Data under study: Begin

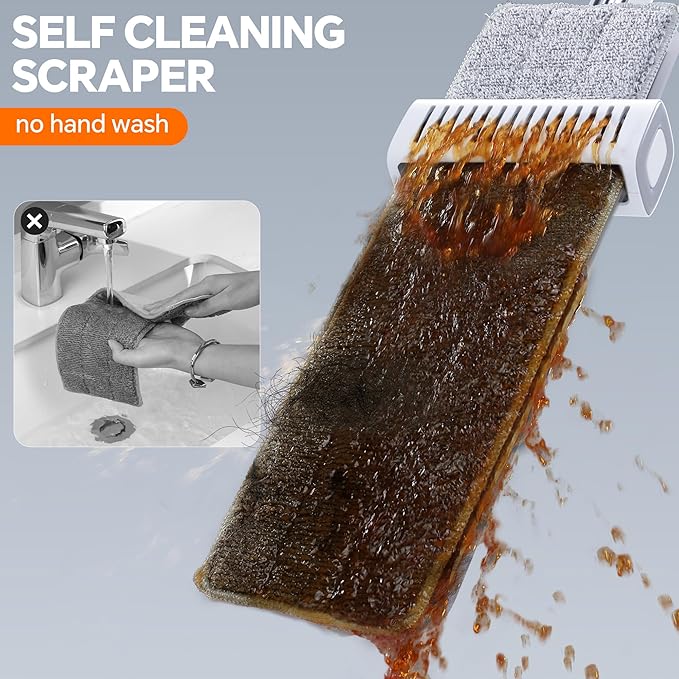 Self Wringing Microfiber Mop - Hands-Free Flat Mop with Wringing Blade | Aluminum Panel, Wet Dry for Apartment, Tiny Home, Windows, Wall, Hardwood, Laminate, Tile, Vinyl, 4 Reusable Pads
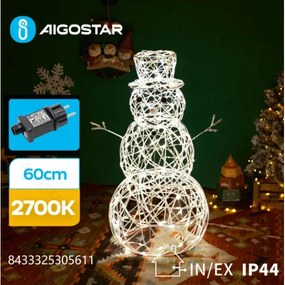 LED-es világító hóember dekoráció, meleg fehér MAX.3.6W IP44 60cm magas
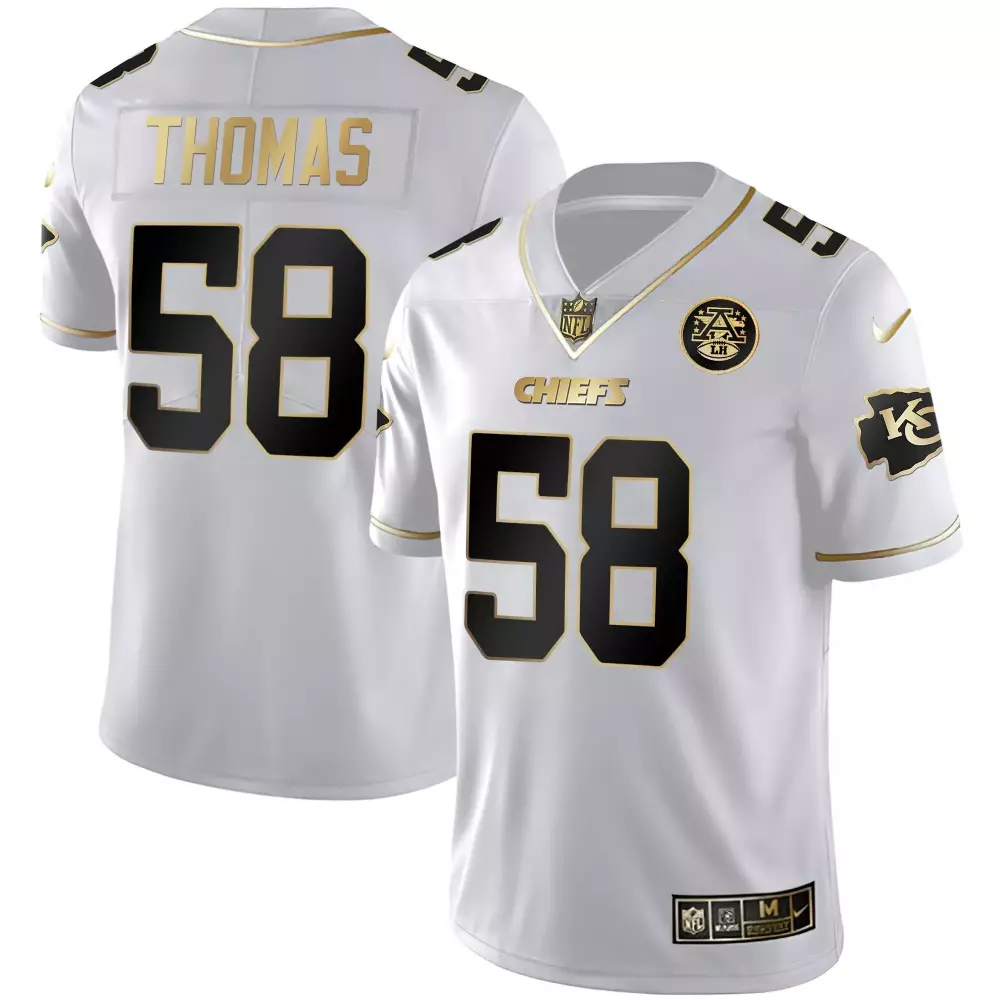 Thomas 58 Kansas City Chiefs 2023 White Edition Jersey | Stitched Vapor | Replica Fan Gear | For Men, Women & Youth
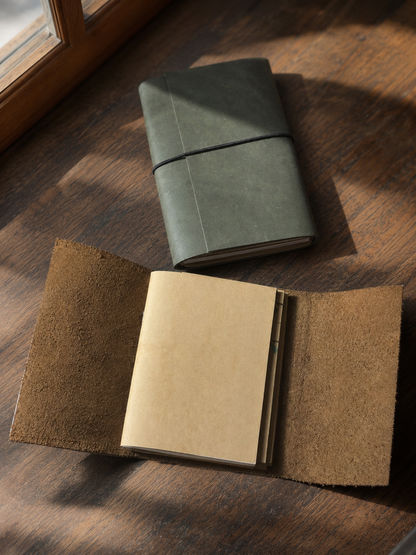 A6 Full-Grain Leather Journal with 3 Notebooks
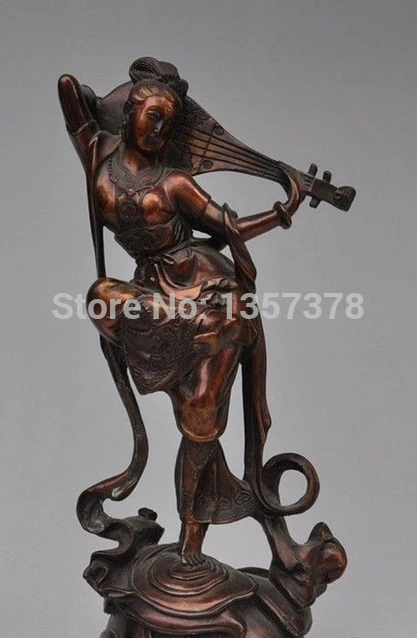 

shitou 00504 10"Chinese Purple Bronze Kwan-Yin Goddess Fairy Belle Musician Lute Statue Art discount 30% (C0324)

Data under study: End

*Problem description*.
Set down the records above exactly as written, beginning with the first line and ending with the line that contains "LED-es világító hóember", and do not include pictures.

*Result*.
 Self Wringing Microfiber Mop - Hands-Free Flat Mop with Wringing Blade | Aluminum Panel, Wet Dry for Apartment, Tiny Home, Windows, Wall, Hardwood, Laminate, Tile, Vinyl, 4 Reusable Pads
 LED-es világító hóember dekoráció, meleg fehér MAX.3.6W IP44 60cm magas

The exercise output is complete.